Title VII is not meant as “a general civility code” and “sporadic use of abusive language, gender-related jokes, and occasional teasing” are not sufficient to establish a hostile work environment claim. Fried v. Wynn Las Vegas, LLC, 18 F.4th 643, 648 (9th Cir. 2021). This standard has precluded claims involving offensive conduct that did not permeate the workplace. For example, a female employee alleged a hostile work environment claim based on another employee referring “to women generally as ‘bitches’ and ‘histrionics.’ ” Id. (quoting Kortan v. California Youth Auth., 217 F.3d 1104, 1107 (9th Cir. 2000)). That was not sufficient. In another case, a female Chinese American alleged her coworkers referred to her as “China woman” and she saw them “pulling their eyes back with their fingers in an attempt to imitate or mock the appearance of Asians.” Id. (citing Manatt v. Bank of America, NA, 339 F.3d 792, 795 (9th Cir. 2003)). Again, that was not severe or pervasive enough to support a hostile work environment claim.
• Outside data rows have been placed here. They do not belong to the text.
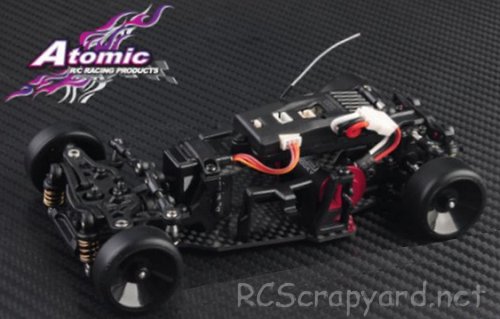 Atomic RC AMZ 2WD Chassis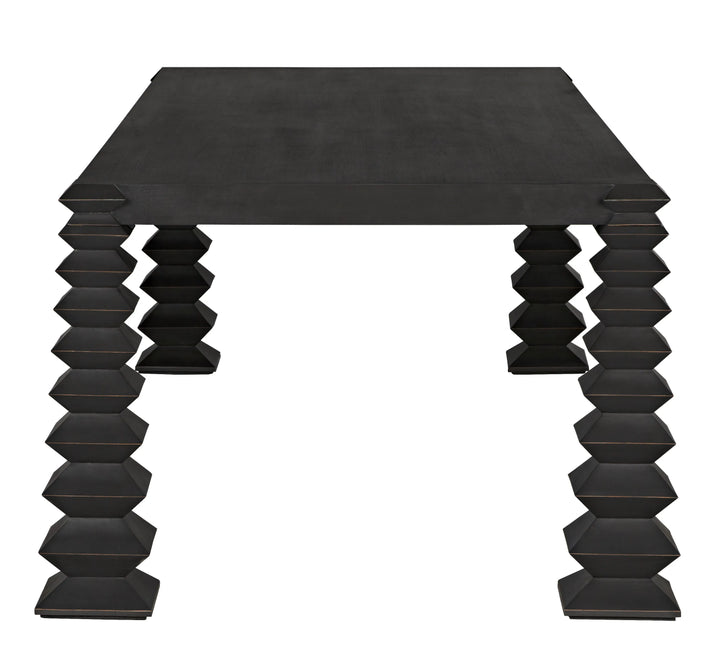 American Home Furniture | Noir - Brancusi Table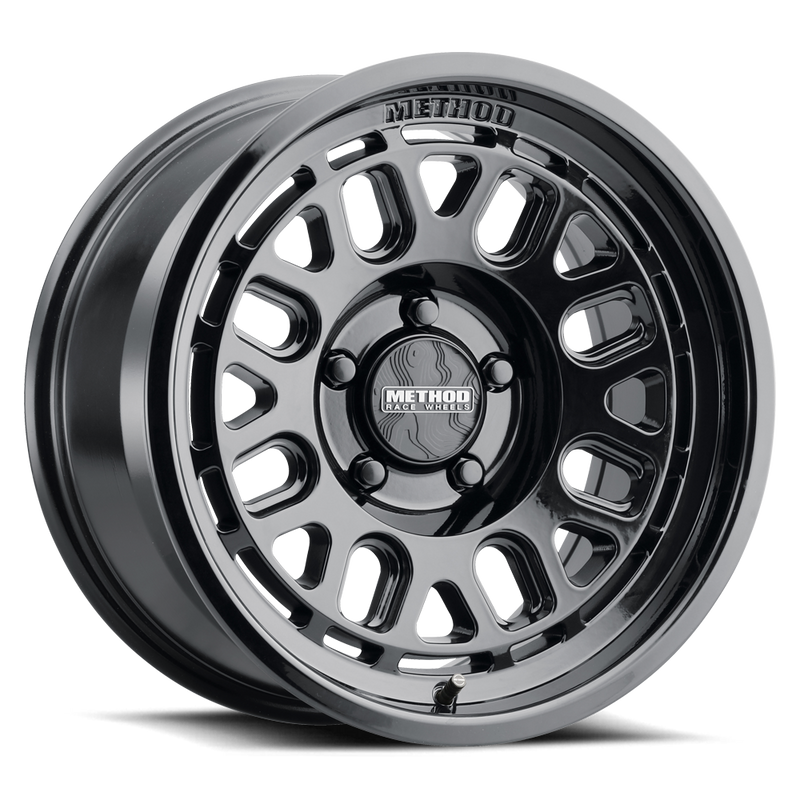 Method Race Wheels 321 ホイール グロスブラック 17x8.5 / 6x5.5 / オフセット +25mm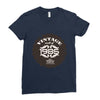vintage made of 1985 all original parts Ladies Fitted T-Shirt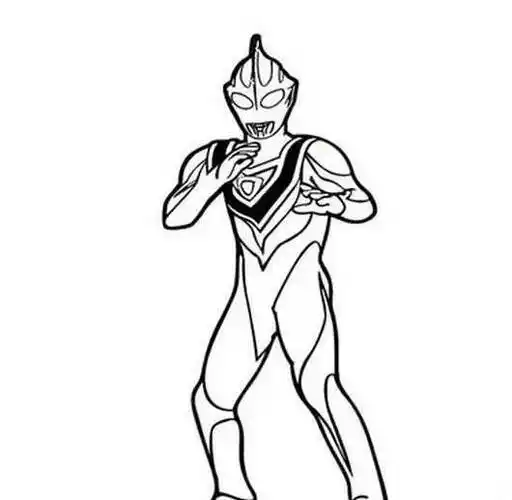 奥特曼简笔画图片大全 奥特曼简笔画图片大全帅气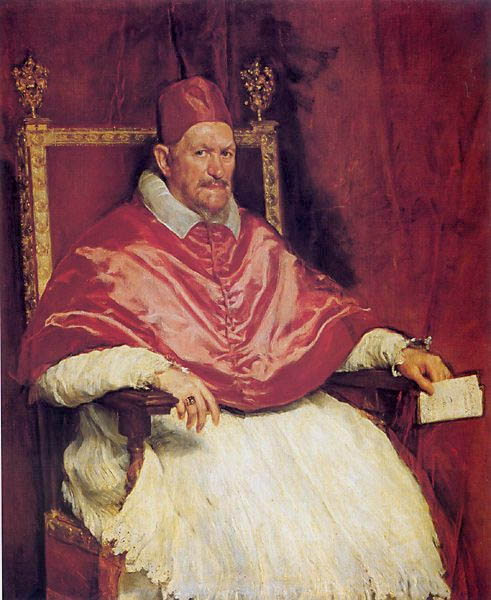 El Papa Inocencio X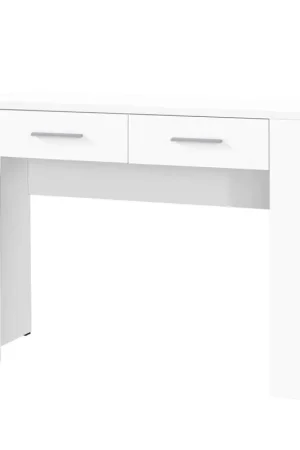 A Buon Prezzo Consolle ingresso moderna 2 cassetti 100xH76 bianco Yuma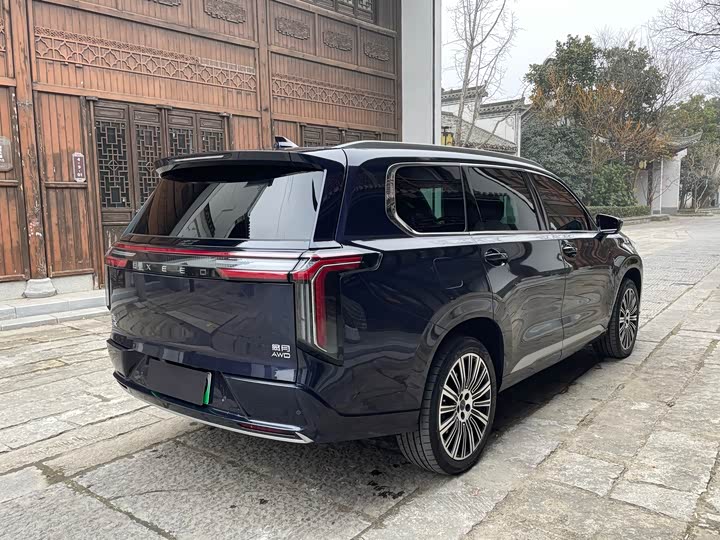 Exeed VX C-DM Hybrid 2025 2025款 180 超长续航Ultra四驱 7座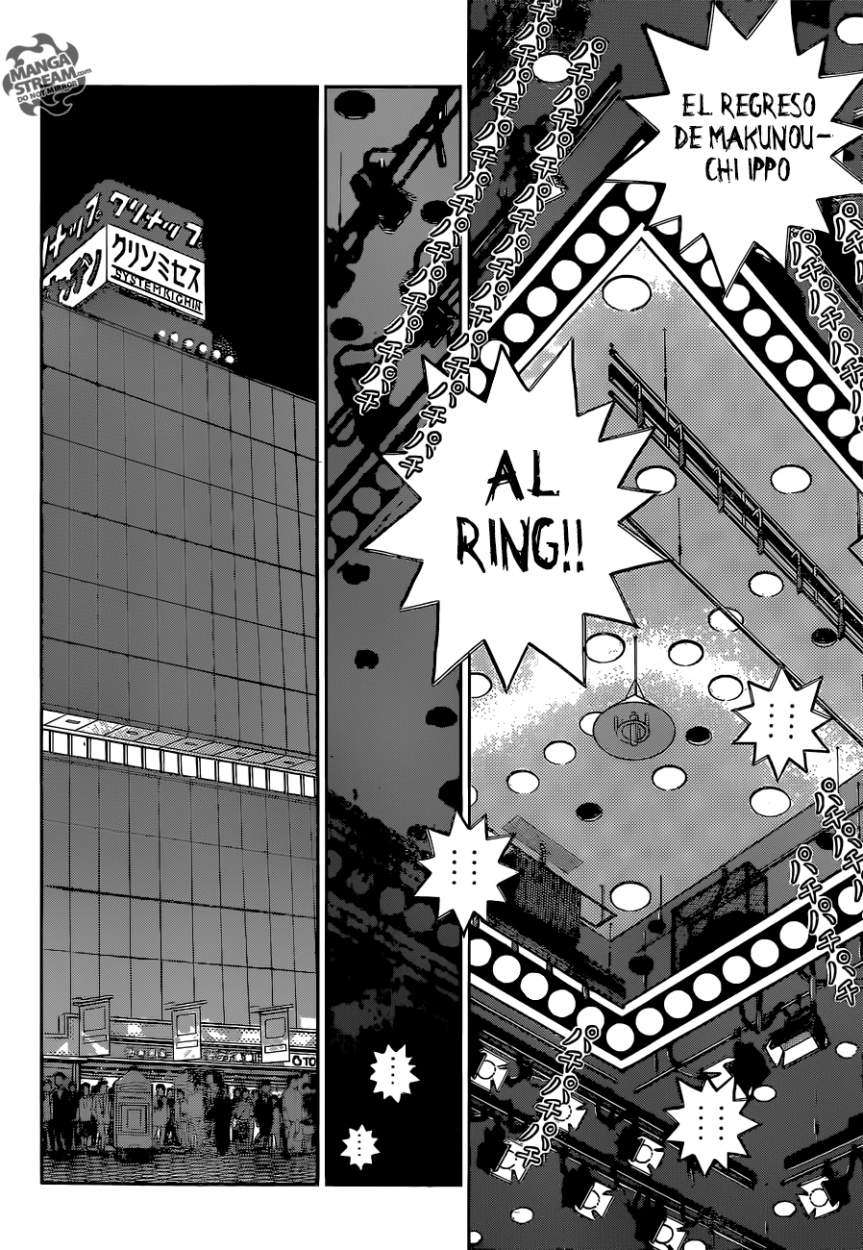 Read Hajime no Ippo ES Manga Online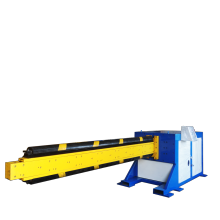 Ovalizer Machine for Spiral Round Flat Oval Duct Production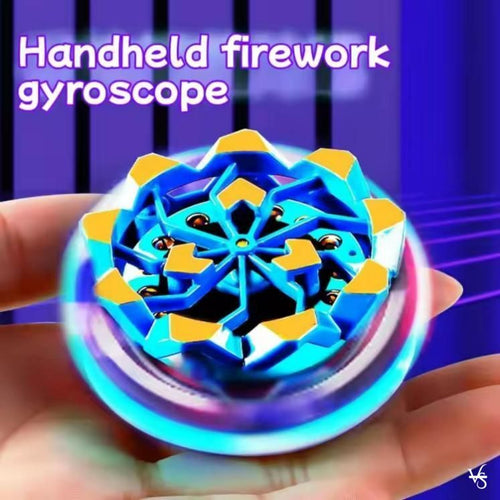 Handheld Thundering Gyroscope Toy for Kids (Pack of 1)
In this case, Howard bases her hostile work environment claim on the single incident involving her colleague. A single incident might be sufficient to establish a hostile work environment claim because “frequency of the discriminatory conduct is only one factor in the analysis.” Fried, 18 F.4th at 648. But a single incident will suffice only when it is “extremely severe.” Id. For example, a plaintiff raped by a business colleague was a sufficiently severe single incident to support a hostile work environment claim. Little v. Windermere Relocation, Inc., 301 F.3d 958, 968 (9th Cir. 2002). But an incident where a coworker “forced his hand underneath [the plaintiff’s] sweater and bra to fondle her bare breast” was not a sufficiently severe single incident. Brooks v. City of San Mateo, 229 F.3d 917, 921 (9th Cir. 2000).

The incident with Howard’s colleague involved statements that the colleague thought Howard was a “white girl,” but in-person Howard appeared “brown.” The colleague also stated Howard was “an imbecile…small minded…unwomanly…[and] no one likes [her].” (Doc. 1 at 3). Despite hearing those comments, Howard’s supervisor did not take any action other than requiring Howard use a different method than other employees when Howard needed time off work. While offensive, the comments by the colleague and the failure by the supervisor to intervene were not sufficiently severe to state a claim for hostile work environment. Howard has not cited any authority recognizing a hostile work environment claim based on statements or actions such as these. The comments and behavior alleged in the complaint fall short of the “extremely severe” threshold.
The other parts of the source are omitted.